Screaming. A Toddler’s Guide.
Thursday, April 17th, 2025Do you know how long it takes to leave the house with a toddler when you’re in a rush? I do – 45 minutes for a routine that should take ten minutes at most. Up – dressed – teeth – breakfast collected for the car (lazy I know but it’s either that or add another hour to the leaving house endeavour) – shoes on – leave house. But oh no, that would be unreasonable and so here’s the complete list of things that she screamed about this morning:
- She screamed because her bunnies were on the floor and not on the bed whilst I got her dressed. Presumably she was under the impression that she was never going to see them again.

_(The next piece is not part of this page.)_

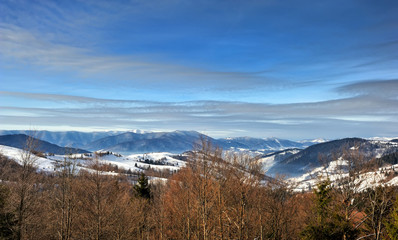 Nice mountains view in snowy sunny day under blue sky with sun light at winter time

Ever.
- She screamed because I wouldn’t let her wear a lacy party dress to creche. Which meant that fighting a wriggling cat in a bag into simple leggings and a top took five times as long as it should.
- She screamed because she threw her bunnies down the stairs – when we were two stairs from the bottom and approx. half a foot away from them (see again the conviction that there would be no more bunnies. Ever).

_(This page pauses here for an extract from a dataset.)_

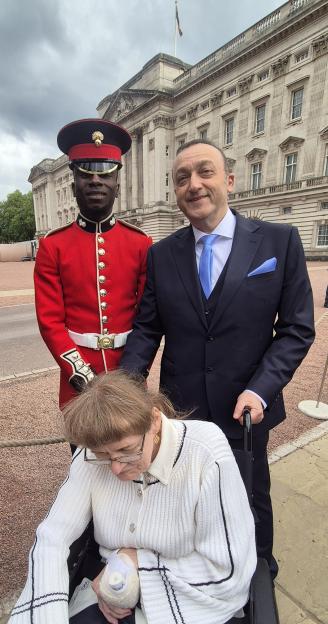 John Manitara, a man in a suit, with his wife Gillian, who is in a wheelchair and appears to be sleeping, standing next to a royal guard in a red uniform, with a building in the background.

- She screamed because she wanted an Oreo for breakfast (not given). Then threw her breakfast oat bar on the floor.
- She screamed because she didn’t want her breakfast oat bar on the floor.
- She simultaneously screamed for and then rejected her water. Multiple times.
- She screamed because I wouldn’t let her wear her Peppa Pig wellington boots (in hindsight this was a battle I could have just given into but I was in full ‘battle mode’ by then).
- She had a tantrum on the ground in the car park for some undisclosed (on her part) reason. Because it was a car park I couldn’t just walk away as per the usual approach to a tantrum so some insistent arm pulling upwards went on which I sincerely hope nobody saw because you’d think I was stealing her.
- She screamed because I wouldn’t let her carry her far too heavy rucksack through David Lloyd.
- She screamed until I picked her up and carried her. And she’s getting too heavy really for me to carry her any distance.
And as a grand finale to all this she screamed when she had to go into creche. For anyone wondering, she is not ill, she was perfectly happy in the car. I know – happiness! A blue crack in the storm clouds. She was sunny when I refused a biscuit for breakfast in the car. She happily cuddled her bunnies, ate her oat bar and smiled away. And then the toddler tantrums began only when she presumably thought she might have some sort of an audience.
And then I simply handed her over at creche, despite the screaming, and said “Byeeee!” as I headed off for brunch and coffee. Which I promptly spilled all over my work notes. Consequently, for a moment there it was me who was perilously close to screaming.